In this story: Epilepsy /

"We became increasingly aware of the isolation people with epilepsy were facing during lockdown."

“In early 2020, when COVID-19 started to take hold, we heard from our consultant team that increasing numbers of positive people were very sick in local hospitals and resources were being redeployed to help these people hit by the first wave.

We were busy and lots of people were awaiting an admission to our service. When COVID-19 arrived we decided to reduce the numbers of admissions to maintain a sustainable service should our team succumb to the virus.

Reducing numbers of patients was the right decision however it was difficult as we knew that there were many people who needed our service. Very quickly the situation escalated and we were asked to close by the Government and ready ourselves to assist in the effort to support the NHS.

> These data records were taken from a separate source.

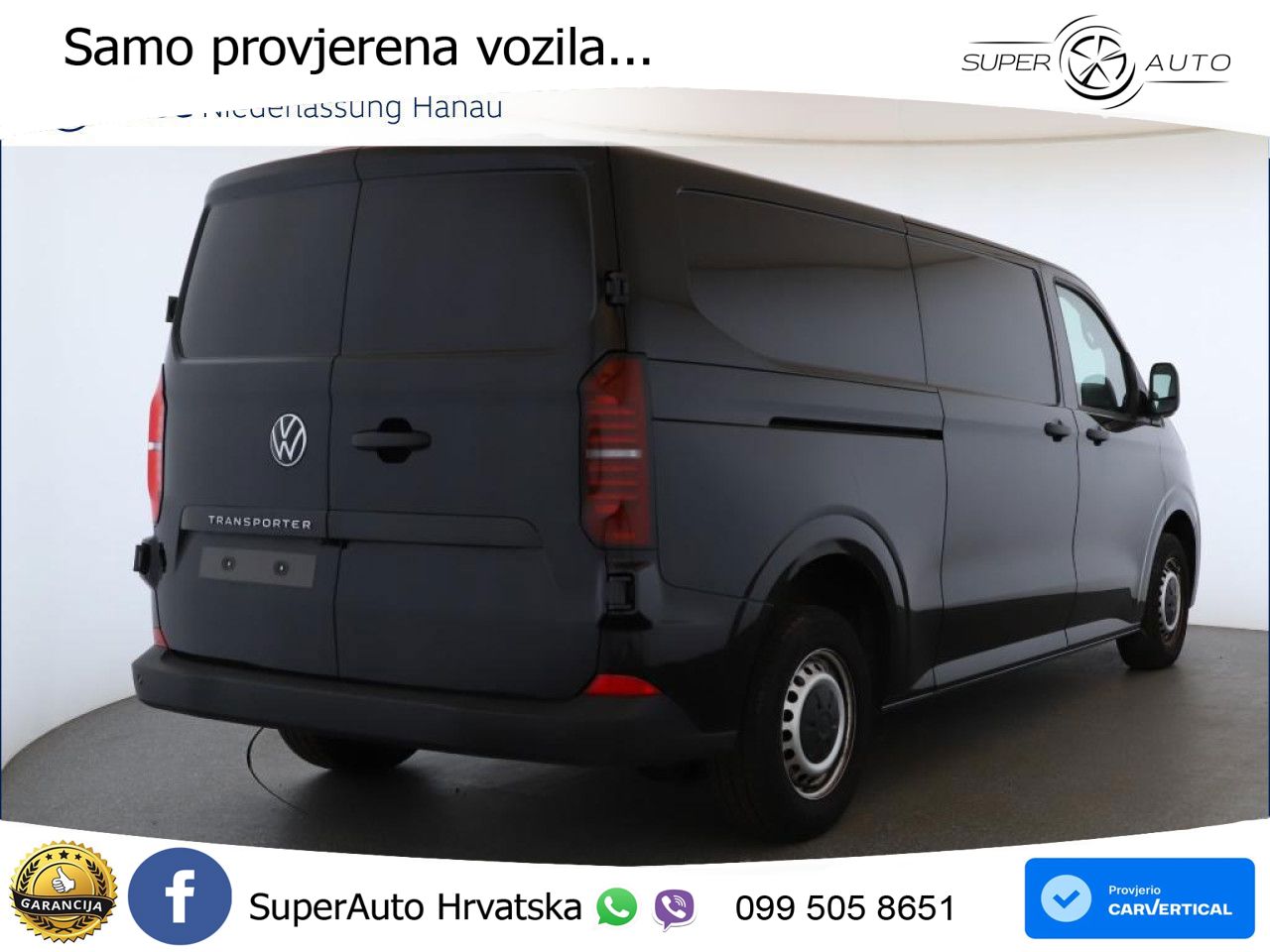 VW Transporter 150 KS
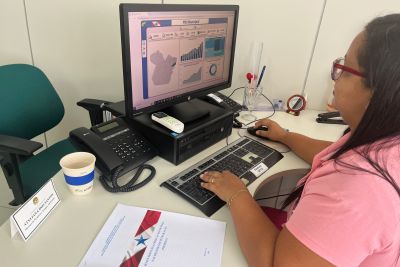 notícia: Fapespa lança 'Dashboard' do Produto Interno Bruto (PIB) dos 144 municípios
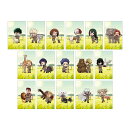 TVアニメ『僕のヒーローアカデミア』トレーディング ちびキャラ 動物とのふれあいver. ビジュアルカード(BOX＝16個)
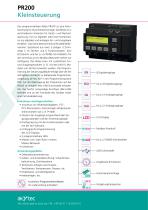 PR200 PROGRAMMIERBARES RELAIS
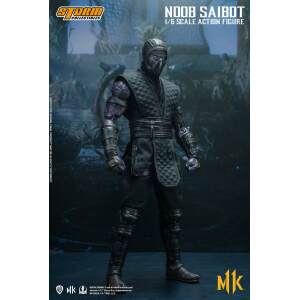 Figura 1 6 Noob Saibot Mortal Kombat 11 32 Cm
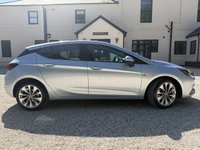 USED 2015 65 VAUXHALL ASTRA 1.6 CDTi ecoTEC BlueInjection Tech Line Hatchback 5dr Diesel Manual Euro 6 (110 ps) PART EXCHANGE TO CLEAR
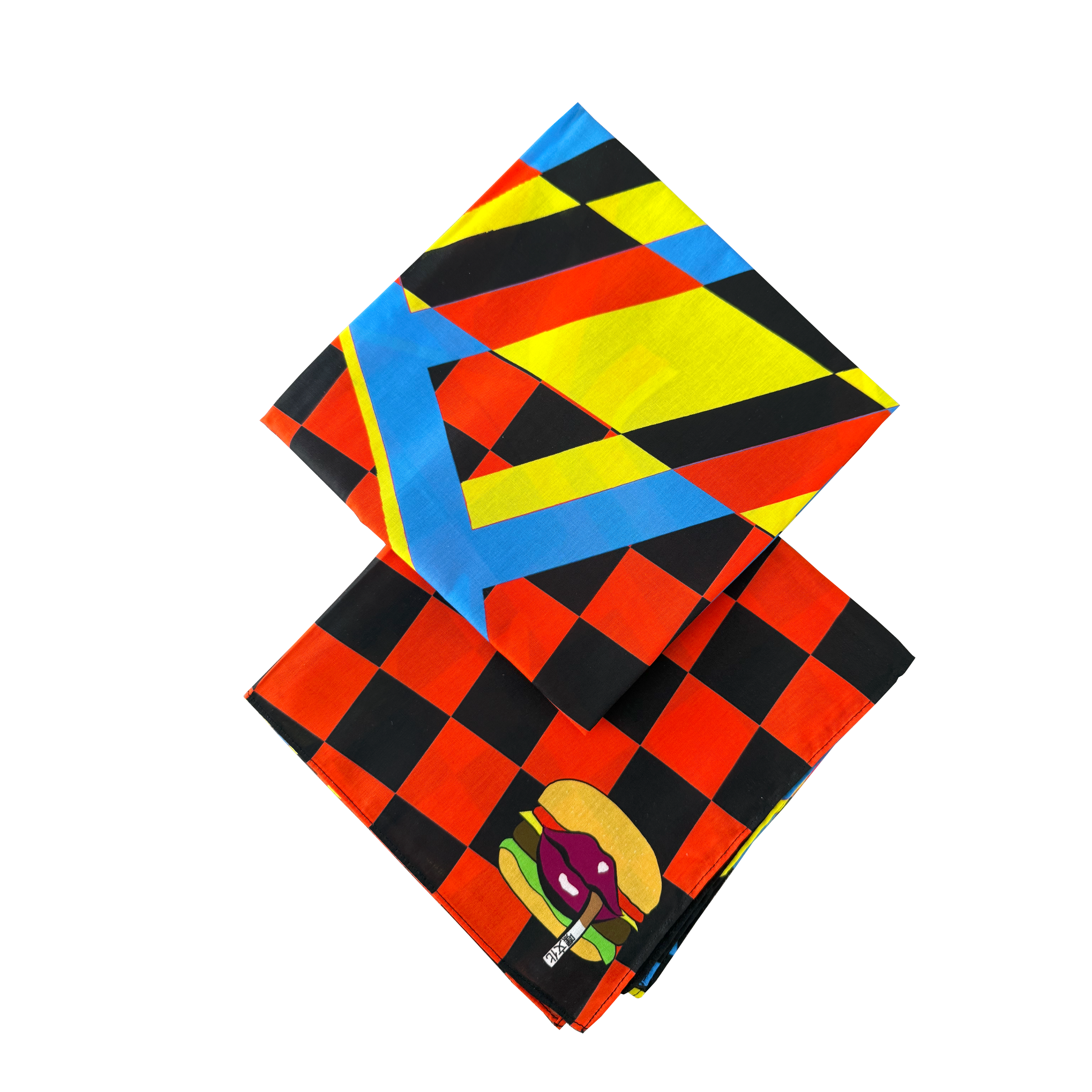 吃我 BANDANA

For fourteen weeks we stood ready to help. We continued to provide some remote services via technology. We became increasingly aware of the isolation people with epilepsy were facing during lockdown. The pandemic was magnifying the experience that many people with epilepsy experience in regular times.

Amongst the long days of lockdown there is one story of hope for the future that will stay with me and a challenge to us all to help create a more inclusive society. It is of a person who pre pandemic who was alone, not connected with others, isolated in their own community and reliant on the benevolence of others. They are a person living with epilepsy which was having a significant impact on how they viewed themselves and their life options. During the pandemic there was a shift in line with the public narrative. They embraced the national spirit and community efforts to ensure that we looked out for and after each other. Carving a new role, checking on neighbours and running errands was the first tentative steps in redefining themselves from recipient to contributor and active citizenship.

For many people living with Epilepsy the isolation may continue. Our challenge post pandemic is to ensure that people are better connected, have their skills and contributions valued and above all receive robust services for their long term health condition.”